Die Herden

Die Zahl der Tiere einer Herde stand nicht genau fest. Sie hing von der Weide, der Möglichkeit zum Tränken und der Zahl der Hirten ab. Die Pferde- und die Rinderherden bestanden gewöhnlich aus rund 500 Tieren, aber in Kleinkumanien wird oft von Herden gesprochen, die aus 800 bis 1000 Rindern bestanden. Bei den Schweinen waren Herden von 1000 Tieren keine Seltenheit. Schafe dagegen bildeten weniger große Herden, weil Milchwirtschaft nur mit einer geringeren Zahl von Tieren möglich ist.

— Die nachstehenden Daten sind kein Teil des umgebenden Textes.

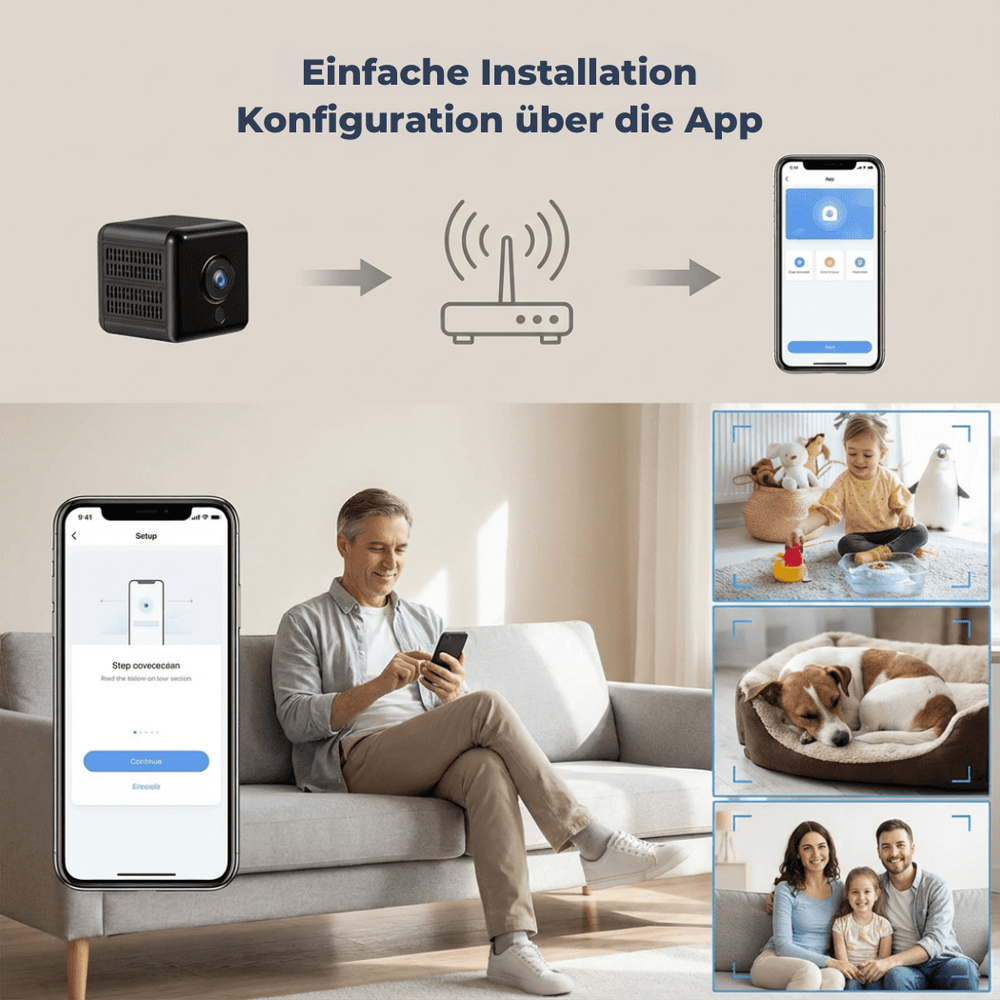 Mini HD-Überwachungskamera, kabellos und smart, ideal für Innen- und Außenbereich.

Allgemein rechnete man damit, daß 100 Stück Vieh einen Hirten und einen Hund erfordern; bei den Schweinen konnte die Stückzahl höher sein.

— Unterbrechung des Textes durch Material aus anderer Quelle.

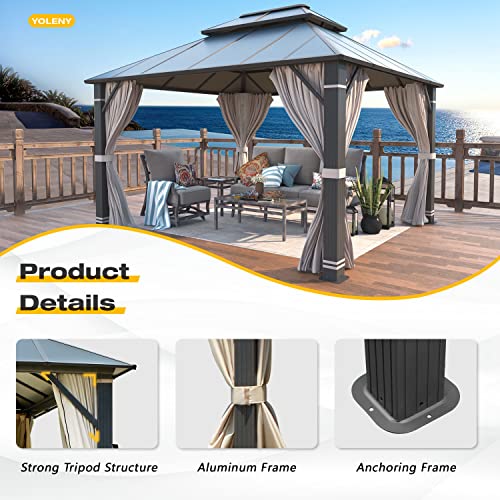 YOLENY 10' x 12' Hardtop Gazebo with Galvanized Steel Double Roof, Netting and Curtains Y84317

Die große Vergangenheit der ungarischen Viehhaltung wird auch dadurch bezeugt, daß die ungarische Sprache zur Benennung von Herden verschiedener Tiere mehrere Bezeichnungen kennt. Die Herden können exakt je nach dem Geschlecht, dem Alter und der Größe der in ihr versammelten Tiere bezeichnet werden. Zunächst wurde die Benennung nyáj (Herde) für sämtliche Tiere verwendet. Später gebrauchte man für Pferde den speziellen Ausdruck ménes (Gestüt). Das Paradegestüt von Debrecen (ciframénes) war ein aus erlesenen Stuten bestehendes Zuchtgestüt; das träge Gestüt (renyhe ménes) bestand aus Zugstuten und Wallachen, die momentan nicht im Arbeitsprozeß standen. Das wilde Gestüt (szilajménes) bestand aus Pferden, die noch nie gesattelt oder eingespannt gewesen waren, keinen Stall kannten und Sommer und Winter im Freien verbrachten.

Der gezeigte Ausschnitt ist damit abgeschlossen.